Poe’s Phantasia is the third title in Arion Press’s 2022 offering of artist books and caps an exciting year of transformation at the Press. Last year it also launched two new series of artist talks and events at its workshop and gallery in the San Francisco Presidio, celebrating the power of art and literature to effect social change. Through its nonprofit arm, The Grabhorn Institute, the Press hosted numerous prominent artists and writers in conversation, including Laurie Anderson, Joyce Carol Oates, Alison Saar, Sandow Birk and Tobias Wolff, among many others.
This latest fine press edition was curated in collaboration with the director of the Edgar Allan Poe Museum in Richmond, Virginia, Chris Semtner, from whom the original bricks from Poe’s Manhattan townhouse were sourced, then pulverized. The brick dust, the color of dried blood, was then formed into paper medallions for the cover of the Fine Press edition or moulded into three-dimensional cameo busts of the writer inset on the cover of Deluxe edition copies.

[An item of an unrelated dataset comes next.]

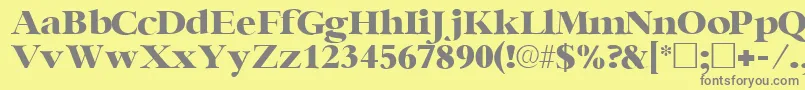 IngenuesskRegular Font – Gray Fonts on Yellow Background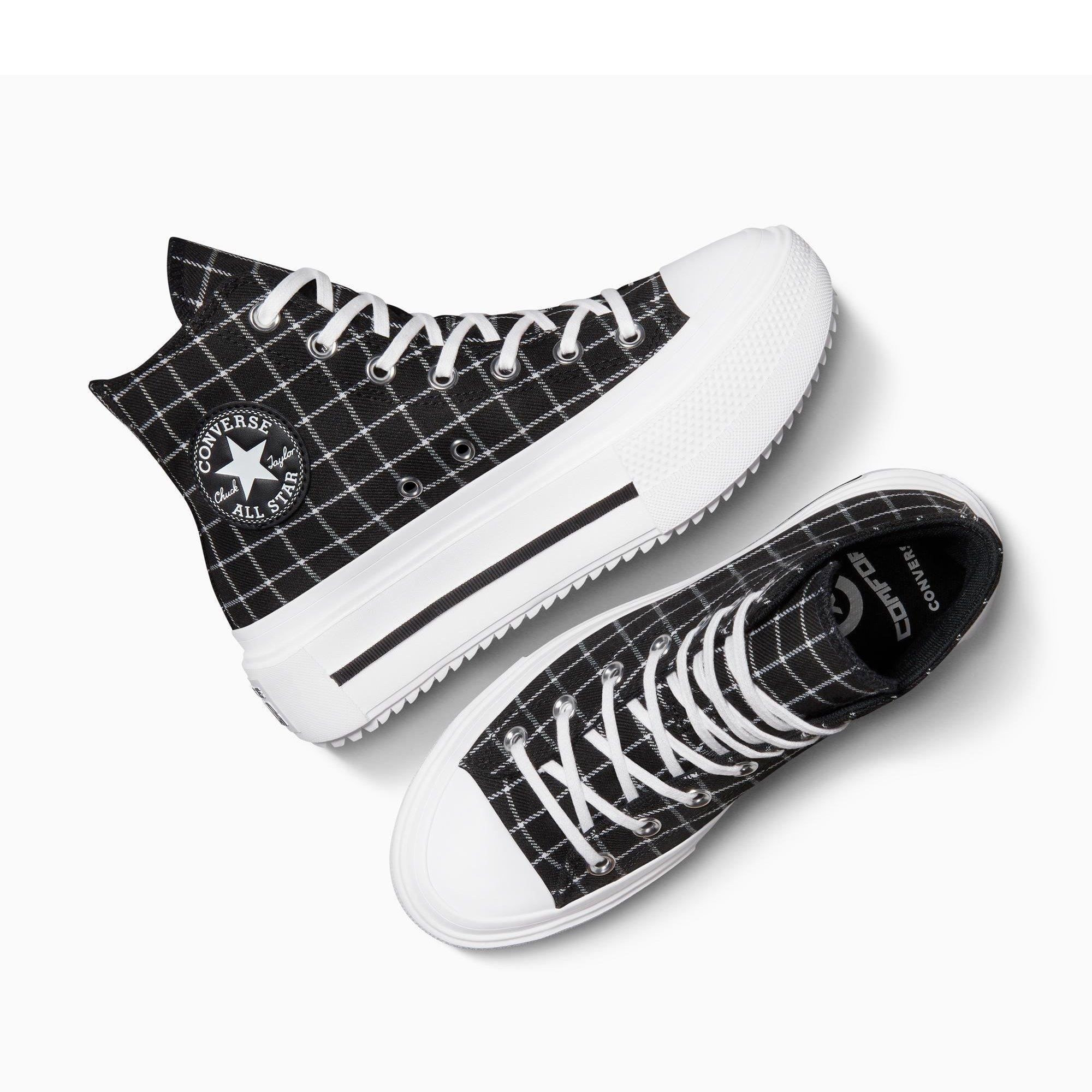 001-Black/Whi - Converse - Women's Chuck Taylor All Star Lif Platform Trainers - 5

The edition also includes a commentary on Frank’s artwork by Ed Schad, Curator and Publications Manager at The Broad in Los Angeles, who describes the New York-based artist as rapidly becoming “one of 19th century literature’s most astute interpreters”. Frank is renowned for her illustrated editions of Tales of the Brothers Grimm, The Sorcerer’s Apprentice and The Story of O, as well as sets and costumes for a Grimm adaptation at Ballet Austin (Texas).
The edition is available in either the traditional Fine Press binding presented in handmade slipcases, limited to 250 copies, or the Deluxe edition, limited to 50 copies, which is presented in lidded boxes that protect the bas-relief cameos and accompanied by an additional color print of one of Frank’s seven images for The Raven.